### Records from a data source:

* * *

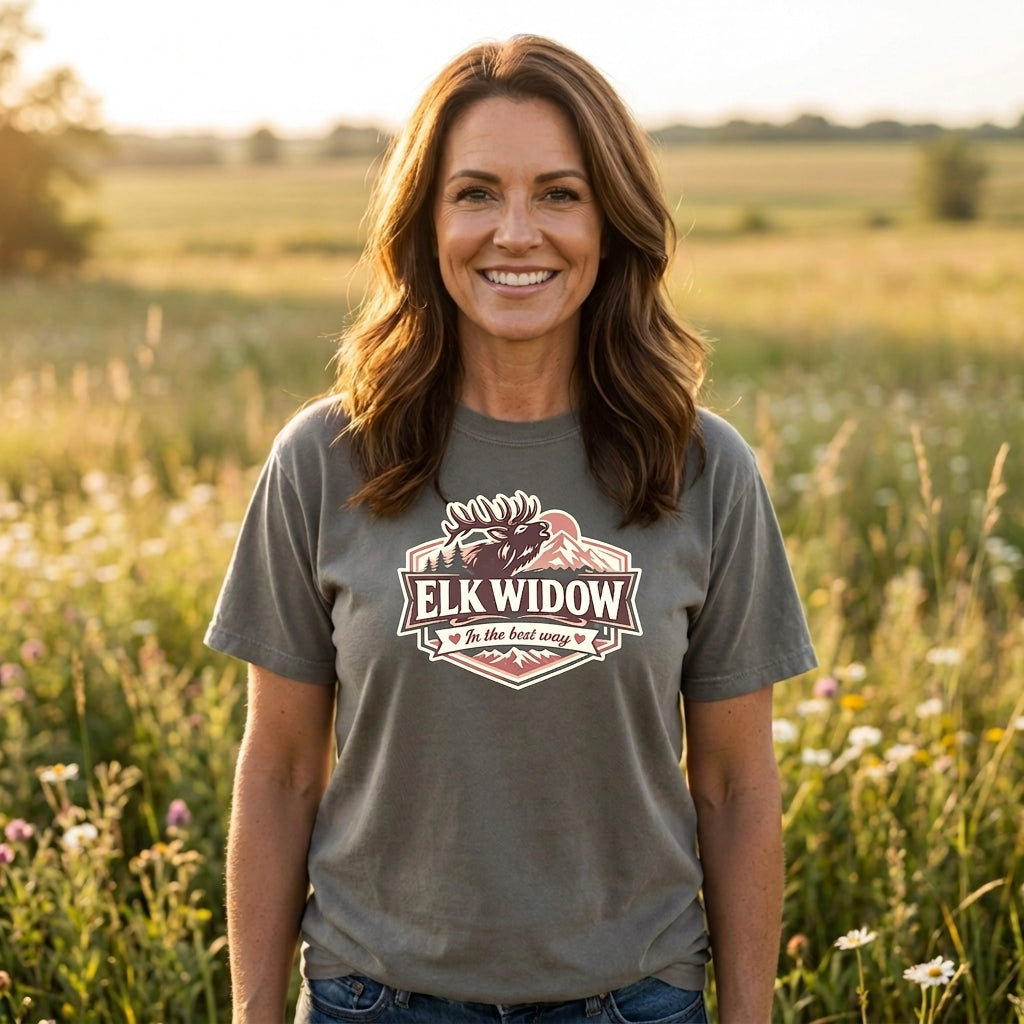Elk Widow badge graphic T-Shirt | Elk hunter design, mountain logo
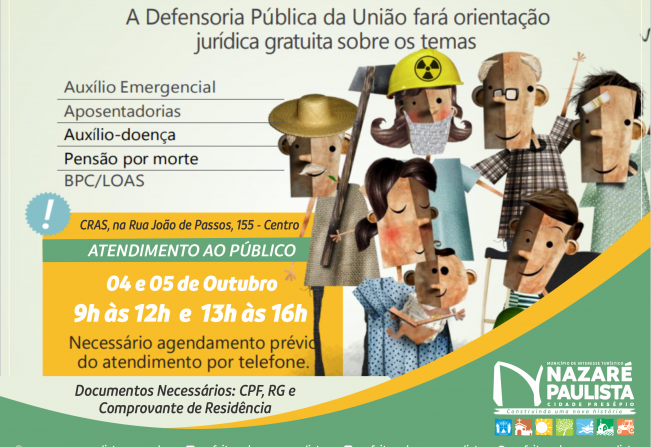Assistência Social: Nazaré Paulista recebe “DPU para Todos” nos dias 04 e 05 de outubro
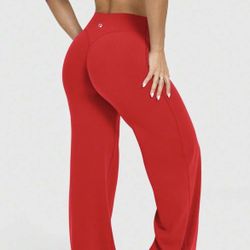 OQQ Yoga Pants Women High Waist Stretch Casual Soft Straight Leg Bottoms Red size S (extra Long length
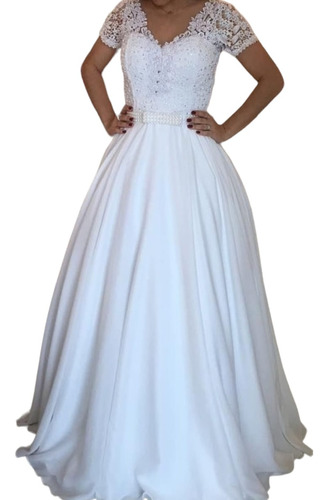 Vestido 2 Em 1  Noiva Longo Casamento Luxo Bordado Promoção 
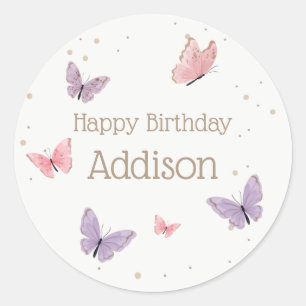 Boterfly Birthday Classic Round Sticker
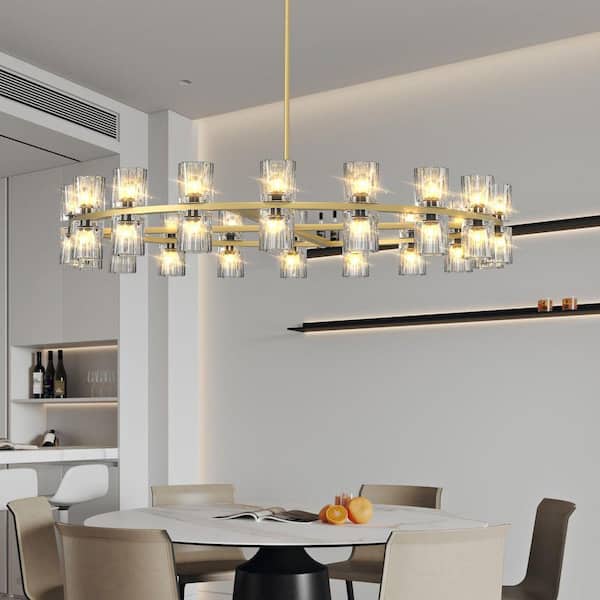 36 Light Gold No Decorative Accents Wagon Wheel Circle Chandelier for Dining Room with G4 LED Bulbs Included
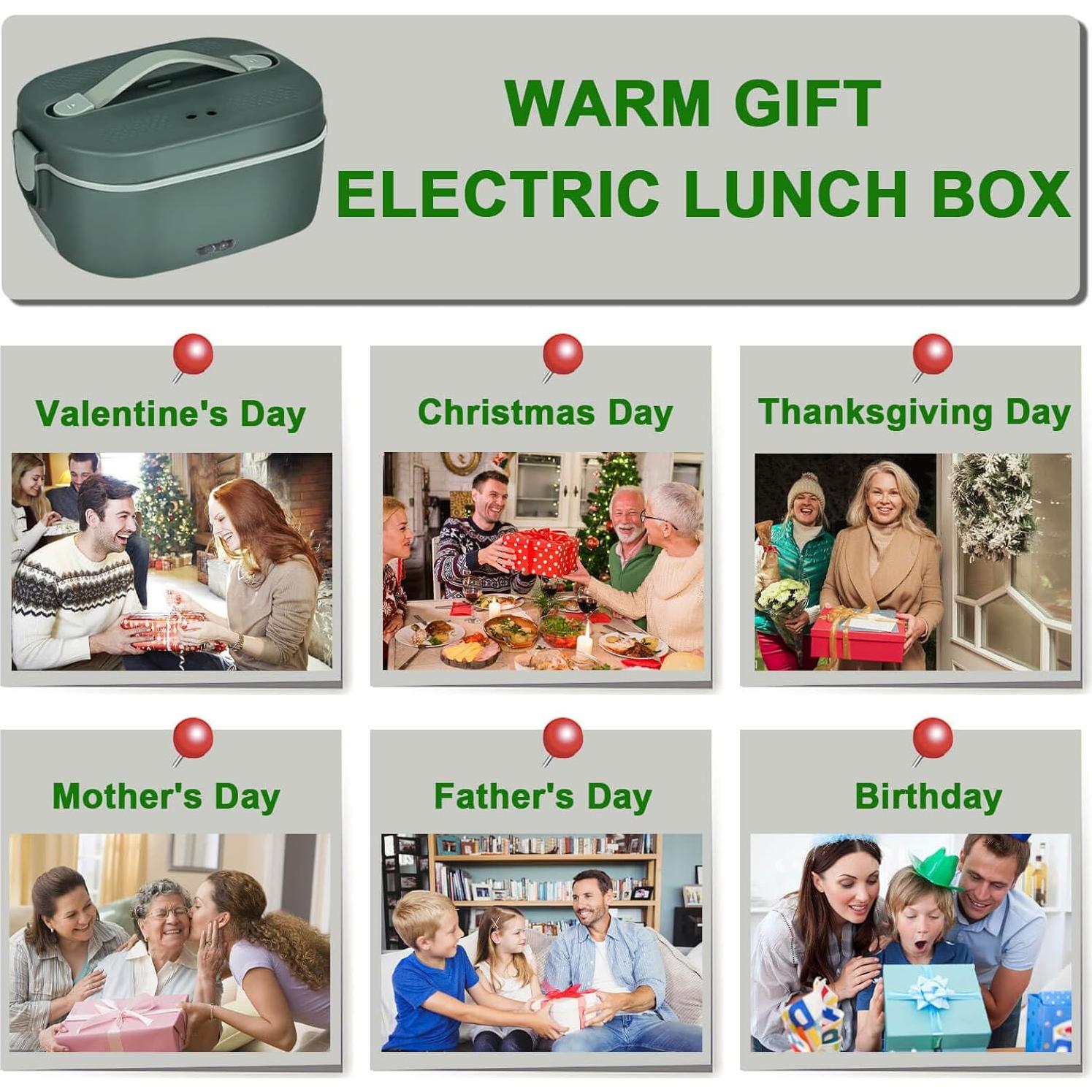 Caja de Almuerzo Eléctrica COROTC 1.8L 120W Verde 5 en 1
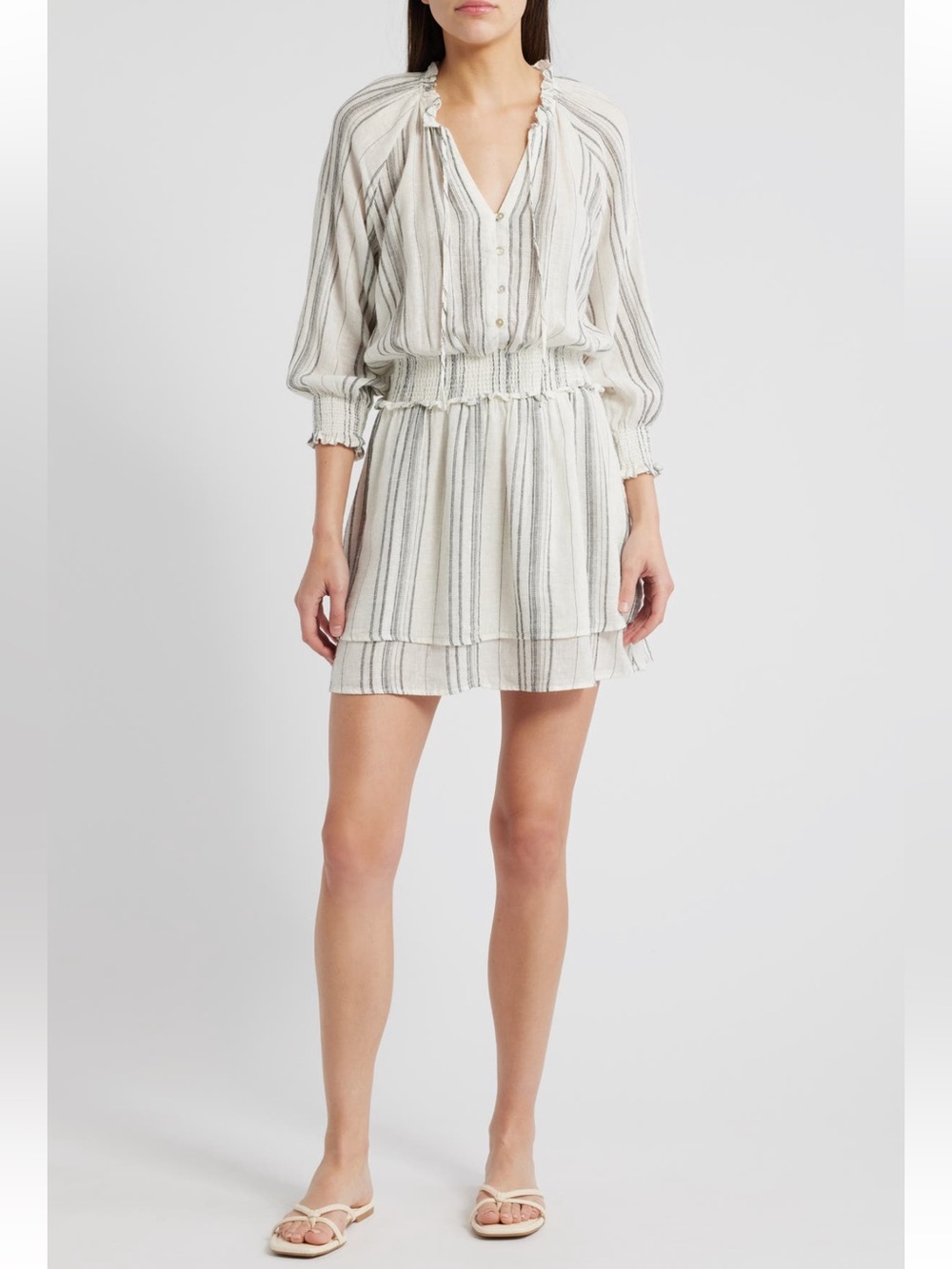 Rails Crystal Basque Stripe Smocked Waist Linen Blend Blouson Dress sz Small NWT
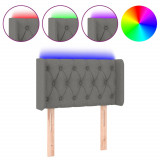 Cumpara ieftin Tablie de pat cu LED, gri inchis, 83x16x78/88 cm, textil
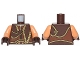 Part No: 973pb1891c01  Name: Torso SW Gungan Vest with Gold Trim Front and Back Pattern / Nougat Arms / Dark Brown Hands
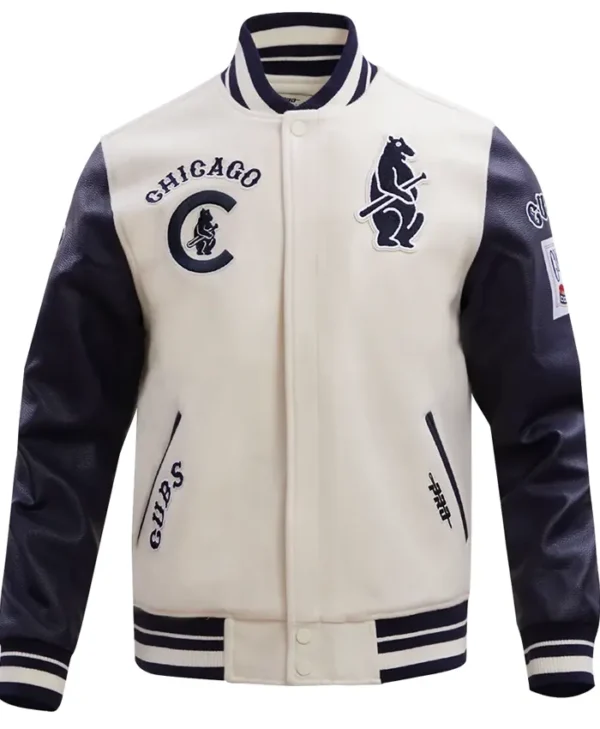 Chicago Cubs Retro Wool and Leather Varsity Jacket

* * *

### WORK REQUIRED:
With all pictures excluded, output exactly the lines from the one containing "Boterfly Birthday Classic Round Sticker" through the final line of the entries, inclusive.

### TASK RESULT:
 Boterfly Birthday Classic Round Sticker
 36 Light Gold No Decorative Accents Wagon Wheel Circle Chandelier for Dining Room with G4 LED Bulbs Included
 Caja de Almuerzo Eléctrica COROTC 1.8L 120W Verde 5 en 1
 Rails Crystal Basque Stripe Smocked Waist Linen Blend Blouson Dress sz Small NWT
 Cumpara ieftin Tablie de pat cu LED, gri inchis, 83x16x78/88 cm, textil
 Part No: 973pb1891c01  Name: Torso SW Gungan Vest with Gold Trim Front and Back Pattern / Nougat Arms / Dark Brown Hands
 Chicago Cubs Retro Wool and Leather Varsity Jacket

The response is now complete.